Task
When the line containing "Thời tiết hôm" appears in the entries below, begin printing there and stop after the line containing "Universal Christ: How"; print each of those lines exactly and no other line.

Data for analysis
========
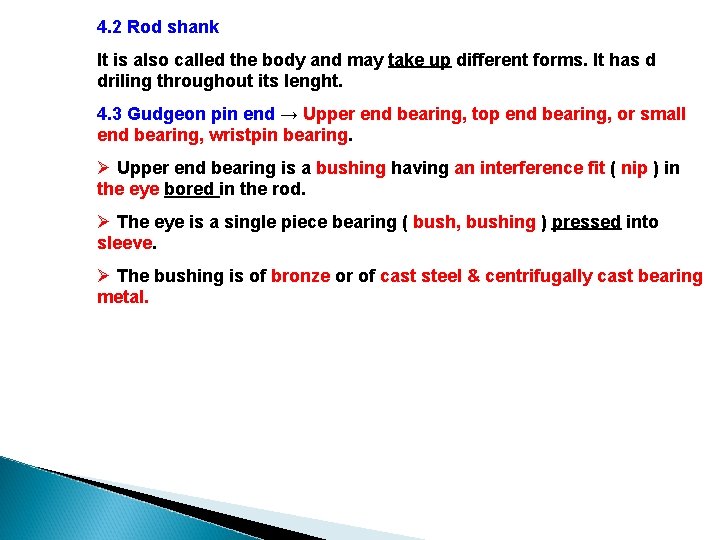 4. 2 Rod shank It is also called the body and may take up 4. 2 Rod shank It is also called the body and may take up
========
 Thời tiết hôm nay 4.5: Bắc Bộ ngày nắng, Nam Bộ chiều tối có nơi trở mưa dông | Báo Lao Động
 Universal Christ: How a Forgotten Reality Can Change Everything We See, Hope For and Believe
========
Answer space
 Thời tiết hôm nay 4.5: Bắc Bộ ngày nắng, Nam Bộ chiều tối có nơi trở mưa dông | Báo Lao Động
 Universal Christ: How a Forgotten Reality Can Change Everything We See, Hope For and Believe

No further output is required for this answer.